[Records from a dataset]
- - - -

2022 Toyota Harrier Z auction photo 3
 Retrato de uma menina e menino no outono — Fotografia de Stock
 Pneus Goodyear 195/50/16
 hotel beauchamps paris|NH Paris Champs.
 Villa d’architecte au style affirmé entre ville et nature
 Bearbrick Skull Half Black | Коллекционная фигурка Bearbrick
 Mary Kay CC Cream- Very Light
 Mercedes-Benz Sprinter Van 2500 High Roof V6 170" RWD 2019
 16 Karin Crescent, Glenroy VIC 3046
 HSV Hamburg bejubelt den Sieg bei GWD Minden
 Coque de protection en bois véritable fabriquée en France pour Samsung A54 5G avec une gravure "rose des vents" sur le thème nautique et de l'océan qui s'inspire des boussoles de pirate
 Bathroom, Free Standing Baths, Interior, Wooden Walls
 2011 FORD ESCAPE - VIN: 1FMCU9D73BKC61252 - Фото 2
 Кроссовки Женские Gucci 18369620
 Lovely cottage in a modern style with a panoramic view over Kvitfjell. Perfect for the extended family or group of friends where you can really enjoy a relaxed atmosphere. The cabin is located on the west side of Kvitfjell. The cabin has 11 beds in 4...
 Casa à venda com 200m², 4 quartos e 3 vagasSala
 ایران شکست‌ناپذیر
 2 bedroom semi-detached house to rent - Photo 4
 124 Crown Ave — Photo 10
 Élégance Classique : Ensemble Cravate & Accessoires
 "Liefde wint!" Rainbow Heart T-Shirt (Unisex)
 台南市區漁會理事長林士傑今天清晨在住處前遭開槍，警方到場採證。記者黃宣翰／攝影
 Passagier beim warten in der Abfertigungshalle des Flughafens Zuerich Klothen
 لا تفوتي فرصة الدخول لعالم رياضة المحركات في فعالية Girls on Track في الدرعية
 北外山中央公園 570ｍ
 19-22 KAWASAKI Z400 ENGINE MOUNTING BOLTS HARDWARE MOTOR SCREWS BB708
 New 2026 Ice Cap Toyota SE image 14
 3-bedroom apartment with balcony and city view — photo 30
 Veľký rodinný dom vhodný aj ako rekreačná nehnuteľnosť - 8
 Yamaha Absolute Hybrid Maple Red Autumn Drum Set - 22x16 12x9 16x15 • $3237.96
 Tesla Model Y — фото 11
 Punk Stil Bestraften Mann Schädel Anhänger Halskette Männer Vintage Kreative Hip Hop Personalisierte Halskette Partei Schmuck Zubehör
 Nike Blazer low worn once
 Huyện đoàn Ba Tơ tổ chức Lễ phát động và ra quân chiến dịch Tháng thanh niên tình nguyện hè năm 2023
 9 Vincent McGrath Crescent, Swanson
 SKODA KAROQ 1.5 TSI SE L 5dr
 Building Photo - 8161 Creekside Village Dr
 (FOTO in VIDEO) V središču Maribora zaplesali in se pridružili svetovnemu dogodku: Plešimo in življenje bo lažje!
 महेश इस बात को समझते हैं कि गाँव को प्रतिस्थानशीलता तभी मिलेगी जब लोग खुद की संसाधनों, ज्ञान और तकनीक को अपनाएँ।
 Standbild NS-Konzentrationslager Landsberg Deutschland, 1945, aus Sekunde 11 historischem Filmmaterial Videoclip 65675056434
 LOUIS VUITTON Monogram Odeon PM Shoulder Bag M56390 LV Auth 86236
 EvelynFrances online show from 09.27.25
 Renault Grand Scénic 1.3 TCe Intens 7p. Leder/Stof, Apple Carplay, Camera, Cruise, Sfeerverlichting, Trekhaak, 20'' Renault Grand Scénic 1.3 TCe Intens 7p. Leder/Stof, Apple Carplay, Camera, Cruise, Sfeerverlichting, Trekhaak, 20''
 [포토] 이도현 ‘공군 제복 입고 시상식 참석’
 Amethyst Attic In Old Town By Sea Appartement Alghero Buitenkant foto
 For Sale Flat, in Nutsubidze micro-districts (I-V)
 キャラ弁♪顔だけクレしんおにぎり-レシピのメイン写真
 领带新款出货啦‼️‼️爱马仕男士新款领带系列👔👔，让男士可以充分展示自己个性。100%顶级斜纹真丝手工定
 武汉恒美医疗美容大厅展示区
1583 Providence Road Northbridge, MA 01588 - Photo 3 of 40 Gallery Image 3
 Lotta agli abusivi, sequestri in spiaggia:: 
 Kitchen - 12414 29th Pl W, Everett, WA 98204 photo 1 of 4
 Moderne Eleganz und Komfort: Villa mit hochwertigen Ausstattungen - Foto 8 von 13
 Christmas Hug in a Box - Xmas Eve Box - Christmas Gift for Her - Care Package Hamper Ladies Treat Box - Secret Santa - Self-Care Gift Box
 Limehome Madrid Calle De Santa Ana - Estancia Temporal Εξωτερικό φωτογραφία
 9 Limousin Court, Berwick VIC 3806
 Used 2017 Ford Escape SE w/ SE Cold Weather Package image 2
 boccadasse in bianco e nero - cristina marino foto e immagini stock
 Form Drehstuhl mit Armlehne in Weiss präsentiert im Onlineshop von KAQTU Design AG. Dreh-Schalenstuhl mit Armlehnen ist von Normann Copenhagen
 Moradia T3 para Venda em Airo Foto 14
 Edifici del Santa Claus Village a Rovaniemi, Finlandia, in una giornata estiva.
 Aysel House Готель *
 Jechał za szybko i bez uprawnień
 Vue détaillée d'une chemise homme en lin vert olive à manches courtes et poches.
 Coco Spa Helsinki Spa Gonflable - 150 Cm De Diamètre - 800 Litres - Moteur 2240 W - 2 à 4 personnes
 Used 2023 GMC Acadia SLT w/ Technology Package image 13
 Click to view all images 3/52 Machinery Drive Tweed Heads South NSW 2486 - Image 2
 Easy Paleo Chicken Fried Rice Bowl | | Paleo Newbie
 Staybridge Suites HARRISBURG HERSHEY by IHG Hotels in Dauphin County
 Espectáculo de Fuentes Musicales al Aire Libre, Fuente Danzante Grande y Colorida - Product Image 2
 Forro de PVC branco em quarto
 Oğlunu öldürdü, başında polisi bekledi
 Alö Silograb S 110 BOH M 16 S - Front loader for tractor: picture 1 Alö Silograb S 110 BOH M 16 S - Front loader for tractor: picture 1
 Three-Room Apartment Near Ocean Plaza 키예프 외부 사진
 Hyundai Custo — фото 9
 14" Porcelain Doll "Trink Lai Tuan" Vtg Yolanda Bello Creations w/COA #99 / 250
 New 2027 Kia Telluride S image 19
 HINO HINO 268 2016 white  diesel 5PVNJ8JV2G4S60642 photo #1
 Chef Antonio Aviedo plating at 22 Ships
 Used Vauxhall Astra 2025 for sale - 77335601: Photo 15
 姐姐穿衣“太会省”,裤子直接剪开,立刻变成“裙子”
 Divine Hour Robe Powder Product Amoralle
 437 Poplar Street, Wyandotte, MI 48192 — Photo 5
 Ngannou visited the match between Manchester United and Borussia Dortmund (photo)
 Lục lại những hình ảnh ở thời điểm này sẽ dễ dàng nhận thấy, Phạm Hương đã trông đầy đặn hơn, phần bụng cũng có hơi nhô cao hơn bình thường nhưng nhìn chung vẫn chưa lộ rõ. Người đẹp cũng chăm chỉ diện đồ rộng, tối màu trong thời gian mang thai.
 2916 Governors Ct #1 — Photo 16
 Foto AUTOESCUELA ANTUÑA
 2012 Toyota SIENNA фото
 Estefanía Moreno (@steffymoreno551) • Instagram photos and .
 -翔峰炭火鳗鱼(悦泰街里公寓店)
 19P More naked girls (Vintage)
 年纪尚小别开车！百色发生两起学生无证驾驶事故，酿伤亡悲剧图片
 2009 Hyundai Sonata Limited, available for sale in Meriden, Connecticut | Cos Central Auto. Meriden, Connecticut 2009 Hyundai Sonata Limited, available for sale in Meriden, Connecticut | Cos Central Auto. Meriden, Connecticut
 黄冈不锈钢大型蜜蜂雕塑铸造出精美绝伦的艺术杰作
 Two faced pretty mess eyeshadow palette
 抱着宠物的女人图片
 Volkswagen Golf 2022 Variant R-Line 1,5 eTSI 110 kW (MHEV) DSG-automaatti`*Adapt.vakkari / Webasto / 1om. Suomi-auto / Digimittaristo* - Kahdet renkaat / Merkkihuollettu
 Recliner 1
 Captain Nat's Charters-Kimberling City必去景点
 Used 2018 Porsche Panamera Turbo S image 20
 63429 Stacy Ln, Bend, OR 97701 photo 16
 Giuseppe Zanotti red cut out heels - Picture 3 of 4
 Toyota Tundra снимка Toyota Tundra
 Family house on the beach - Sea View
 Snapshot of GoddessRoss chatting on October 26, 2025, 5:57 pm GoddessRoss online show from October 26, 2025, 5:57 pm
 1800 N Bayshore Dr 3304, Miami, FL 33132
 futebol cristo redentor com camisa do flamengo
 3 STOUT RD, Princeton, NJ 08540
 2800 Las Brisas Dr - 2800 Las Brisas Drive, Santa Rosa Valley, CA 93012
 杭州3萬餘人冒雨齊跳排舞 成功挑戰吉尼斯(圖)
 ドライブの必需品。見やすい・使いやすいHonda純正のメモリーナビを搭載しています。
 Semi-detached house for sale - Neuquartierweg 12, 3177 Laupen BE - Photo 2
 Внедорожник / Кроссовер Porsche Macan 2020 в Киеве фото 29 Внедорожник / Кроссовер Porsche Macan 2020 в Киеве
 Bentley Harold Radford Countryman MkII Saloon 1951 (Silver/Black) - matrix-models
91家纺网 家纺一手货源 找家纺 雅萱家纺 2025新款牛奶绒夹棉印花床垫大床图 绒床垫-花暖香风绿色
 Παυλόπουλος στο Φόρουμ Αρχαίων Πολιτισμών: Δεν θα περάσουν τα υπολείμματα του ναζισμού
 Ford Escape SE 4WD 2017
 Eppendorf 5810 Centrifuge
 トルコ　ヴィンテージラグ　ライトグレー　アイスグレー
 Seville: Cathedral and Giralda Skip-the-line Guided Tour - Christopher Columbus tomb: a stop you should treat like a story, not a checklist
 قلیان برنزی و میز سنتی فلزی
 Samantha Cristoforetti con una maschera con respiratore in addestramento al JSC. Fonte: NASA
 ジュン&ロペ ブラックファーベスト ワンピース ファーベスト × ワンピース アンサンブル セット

- - - -

#### What to do
Keeping every character as it is, restate the lines above that run from the line with "Forro de PVC branco em quarto" through the line with "Used 2018 Porsche Panamera Turbo S image 20", both included, and nothing else.

#### Task answer
 Forro de PVC branco em quarto
 Oğlunu öldürdü, başında polisi bekledi
 Alö Silograb S 110 BOH M 16 S - Front loader for tractor: picture 1 Alö Silograb S 110 BOH M 16 S - Front loader for tractor: picture 1
 Three-Room Apartment Near Ocean Plaza 키예프 외부 사진
 Hyundai Custo — фото 9
 14" Porcelain Doll "Trink Lai Tuan" Vtg Yolanda Bello Creations w/COA #99 / 250
 New 2027 Kia Telluride S image 19
 HINO HINO 268 2016 white  diesel 5PVNJ8JV2G4S60642 photo #1
 Chef Antonio Aviedo plating at 22 Ships
 Used Vauxhall Astra 2025 for sale - 77335601: Photo 15
 姐姐穿衣“太会省”,裤子直接剪开,立刻变成“裙子”
 Divine Hour Robe Powder Product Amoralle
 437 Poplar Street, Wyandotte, MI 48192 — Photo 5
 Ngannou visited the match between Manchester United and Borussia Dortmund (photo)
 Lục lại những hình ảnh ở thời điểm này sẽ dễ dàng nhận thấy, Phạm Hương đã trông đầy đặn hơn, phần bụng cũng có hơi nhô cao hơn bình thường nhưng nhìn chung vẫn chưa lộ rõ. Người đẹp cũng chăm chỉ diện đồ rộng, tối màu trong thời gian mang thai.
 2916 Governors Ct #1 — Photo 16
 Foto AUTOESCUELA ANTUÑA
 2012 Toyota SIENNA фото
 Estefanía Moreno (@steffymoreno551) • Instagram photos and .
 -翔峰炭火鳗鱼(悦泰街里公寓店)
 19P More naked girls (Vintage)
 年纪尚小别开车！百色发生两起学生无证驾驶事故，酿伤亡悲剧图片
 2009 Hyundai Sonata Limited, available for sale in Meriden, Connecticut | Cos Central Auto. Meriden, Connecticut 2009 Hyundai Sonata Limited, available for sale in Meriden, Connecticut | Cos Central Auto. Meriden, Connecticut
 黄冈不锈钢大型蜜蜂雕塑铸造出精美绝伦的艺术杰作
 Two faced pretty mess eyeshadow palette
 抱着宠物的女人图片
 Volkswagen Golf 2022 Variant R-Line 1,5 eTSI 110 kW (MHEV) DSG-automaatti`*Adapt.vakkari / Webasto / 1om. Suomi-auto / Digimittaristo* - Kahdet renkaat / Merkkihuollettu
 Recliner 1
 Captain Nat's Charters-Kimberling City必去景点
 Used 2018 Porsche Panamera Turbo S image 20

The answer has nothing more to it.